Sentence issued in fatality


Most of a six-month jail
sentence is suspended.

By JEANNE STARMACK

VINDICTOR STAFF WRITER

SEBRING — Family and friends of a man killed in a car crash last year gathered in Mahoning County Court here Tuesday for the sentencing of the man responsible for the accident.

After listening to emotional statements from Michael Fox’s grandmother, mother, aunt and friends, Judge Diane Vettori sentenced Michael Zimbardi, 21, of Boardman for the June 24, 2006, crash that killed Fox, 22, on Route 62 in Green Township.

The judge suspended most of a six-month jail sentence and ordered he pay a $1,000 fine, with $750 suspended. The jail sentence and fine are the maximum Zimbardi could be sentenced to for vehicular homicide, which he pleaded no contest to in January.

Zimbardi, who was traveling as fast as 74 mph according to an Ohio State Highway Patrol accident reconstructionist, crossed the center line and struck Fox’s car.

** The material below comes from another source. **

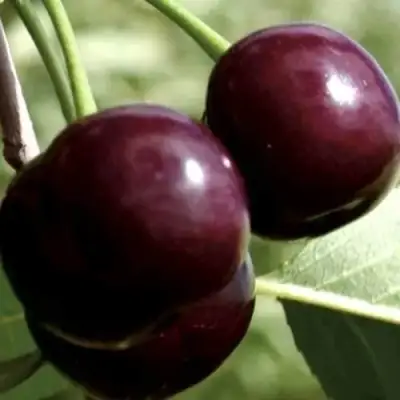 Дюк КСЕНИЯ (ЧЕРЕВИШНЯ) в Барановичах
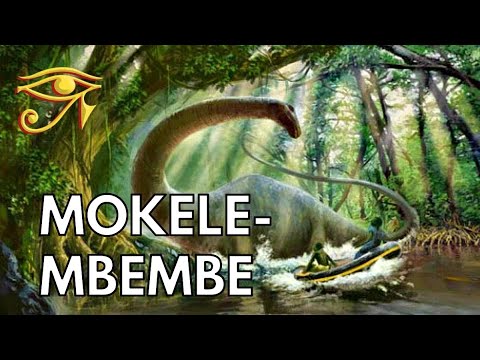 Mokele-Mbembe | The Living Dinosaur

Fox was driving back to Austintown, where he lived with his grandmother, from a car show in Salem. His grandmother, Leona Little, was also on the road that night, driving back from the car show in a separate car. She passed the accident, which happened after 11:30 p.m. But she did not realize it was her grandson until officials arrived at her door about two hours later to tell her he was dead.

Family’s statements

In court, Little talked about her grandson’s potential and ambitions. He was a real estate agent, had a landscaping business, sold chips and salsa from a trailer at car shows and was a graphic artist, she said.

“I read so many things about you on the Internet,” she told Zimbardi, referring to comments he’d posted on his MySpace page, which were included in a pre-sentencing investigation. “A drug dealer on speed dial ... we need more blow ... it’s gonna snow in Boardman,” she said.

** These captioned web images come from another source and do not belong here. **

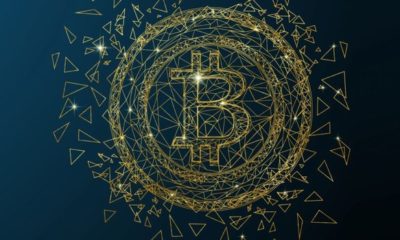 The Types Of Cryptocurrency Fanatics And Who Is On Top Of The Crypto Chain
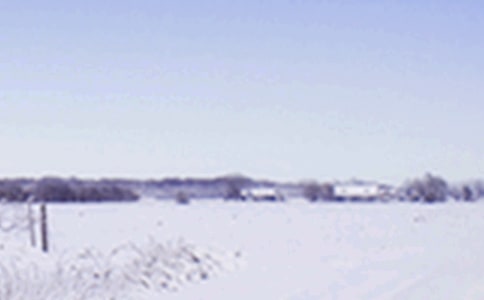 Сѩ�����Ұ�������
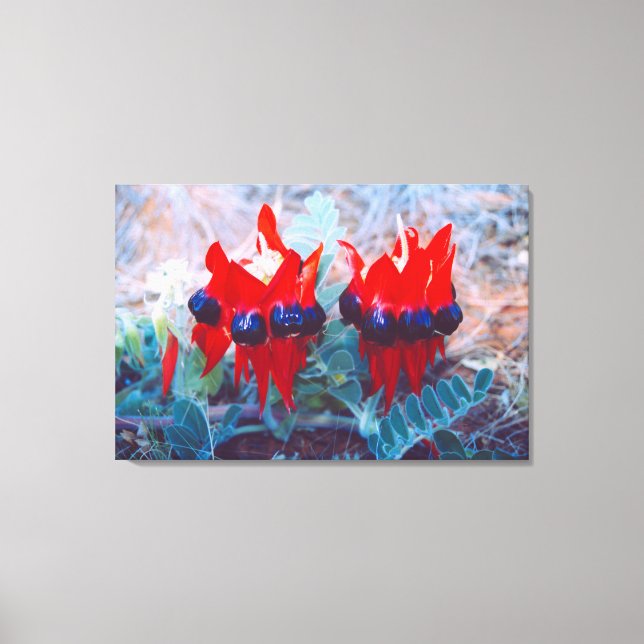 DESERT PEA 24x36 Canvas Print (Front)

Fox’s mother, Bobbi Jo Fox, said no one can understand what it’s like to lose a child unless it happens to them. “I’ll never get to be a grandmother, be in his wedding, any of that stuff,” she said.

“I went to pick out flowers for his funeral — I thought I would pick out flowers for his wedding,” said Fox’s aunt, Kelly Baer.

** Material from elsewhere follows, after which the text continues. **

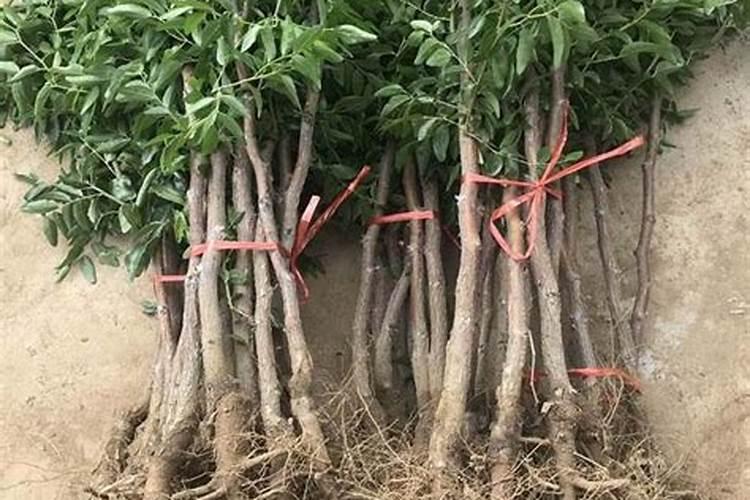 怎么给枣树喷施叶面肥？ 河南小麦高产栽培防治病虫草害技术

“I’m afraid someone else is going to have to go through this because of that person sitting right there,” said his friend Rachel Blazak.

More than expected

Zimbardi kept his head down. He spoke to the judge before receiving his sentence, though the rest of the court could not hear him. His attorney, James Lanzo, apologized to the survivors on behalf of the Zimbardi family.

Little said the sentencing was “more than what we thought” Zimbardi would get, but if the prosecutor would have charged him with aggravated vehicular homicide, a felony, instead of the misdemeanor vehicular homicide, he would have gotten a harsher sentence. Others agreed.

Assistant prosecutor Martin Hume said he filed the lesser charge because he did not believe evidence supported a conclusion of recklessness, which is the aggravating factor, instead of negligence.

He said speed alone, without the presence of alcohol, drugs or an action, such as talking on a cell phone, is seldom an aggravating factor.